Bought this : Samsung DV150F @ 5K (not inclusive 10% discount on HDFC card)
Decent price for a backup/compact camera.

It's 6~8K on FK & SD sites.

Cheers,

*Ace.*

Let's all keep posting deals which are really good.. It will help us!


----------



## $hadow (Oct 10, 2014)

Vyom said:


> One thing I liked about Amazon.in is that they show all the price, from MRP to Actual selling price to Sale price. And AFTER WHICH it comes the deal price. Sharp contrast with Flipkart. I think Amazon.in have learnt something from FK's bad experience.
> 
> - - - Updated - - -
> 
> ...



HAHAHA indeed they have


----------



## rickenjus (Oct 10, 2014)

Vyom said:


> I think this is better: Buy Dell Inspiron 3541 Black 15.6 inch Laptop without Laptop Bag Online at Low Prices in India - Amazon.in
> 
> Price: Rs 18789, but it's about to come in upcoming deal which starts at 12:05 PM. After the deal, price would reach to around 16k and then again you can get 10% discount!

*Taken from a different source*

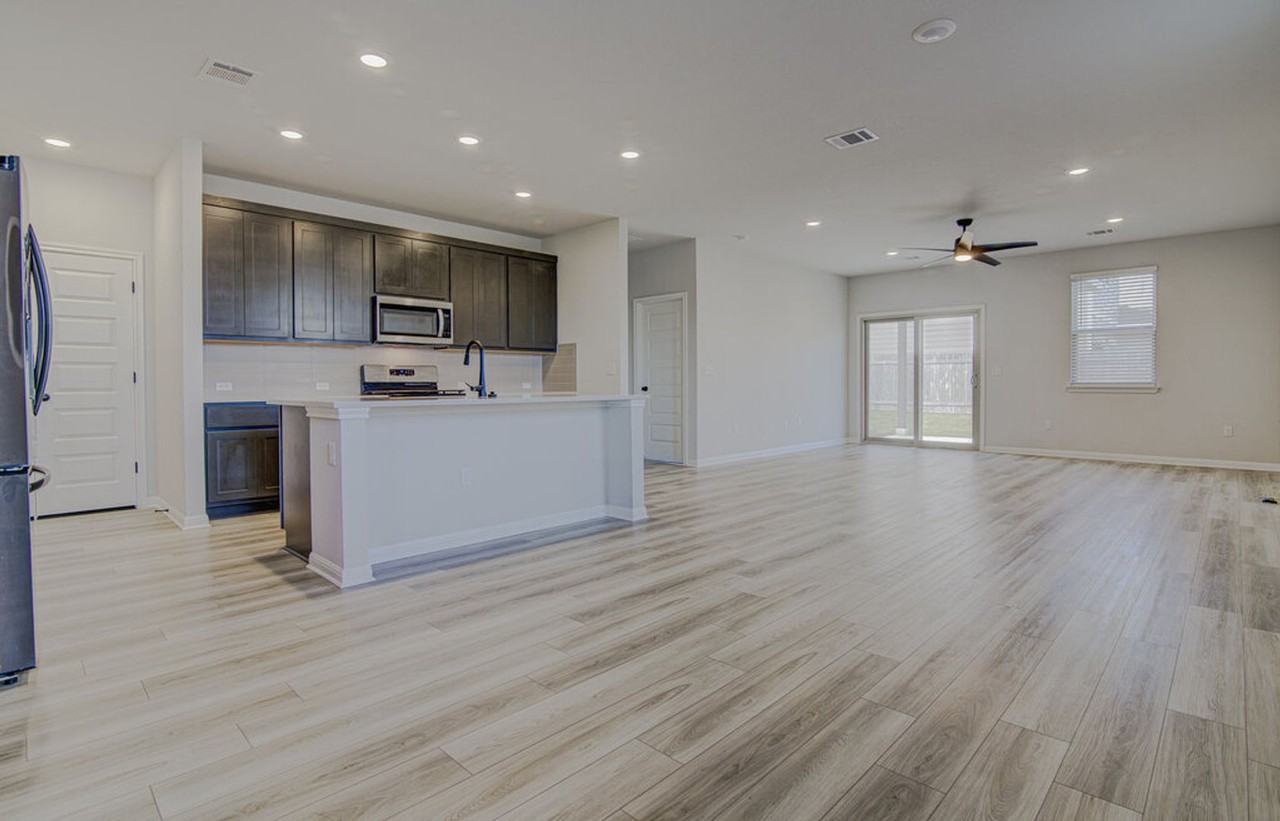 6603 Smarty Jones Ln - Photo 6 of 34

Thanks ... will checkout it out.


----------



## a_medico (Oct 10, 2014)

Things you own end up owning you - Tyler Durden


----------



## amjath (Oct 10, 2014)

This thread attracts more attention


----------



## driverace (Oct 10, 2014)

I am checking this thread to see how much I can *save*, on the things I absolutely don't "*need*" to buy!


----------



## kapilove77 (Oct 10, 2014)

I am just looking for any SSD deals. If not i will buy one crucial 256gb from ebay soon.


----------



## amjath (Oct 10, 2014)

^one 64 gb went OOS


----------



## kapilove77 (Oct 10, 2014)

64 gb is too less. Looking for 256 gb atleast.


----------



## Gollum (Oct 10, 2014)

Moar Games amazam pleaj


----------



## Piyush (Oct 10, 2014)

Gollum said:


> Moar Games amazam pleaj



Looking forward for your daily progress thread on Destiny !


----------



## Gollum (Oct 10, 2014)

Ordered tp link router, Had my eyes on it for quite a while
*i.imgur.com/DFindzd.jpg

- - - Updated - - -



Piyush said:


> Looking forward for your daily progress thread on Destiny !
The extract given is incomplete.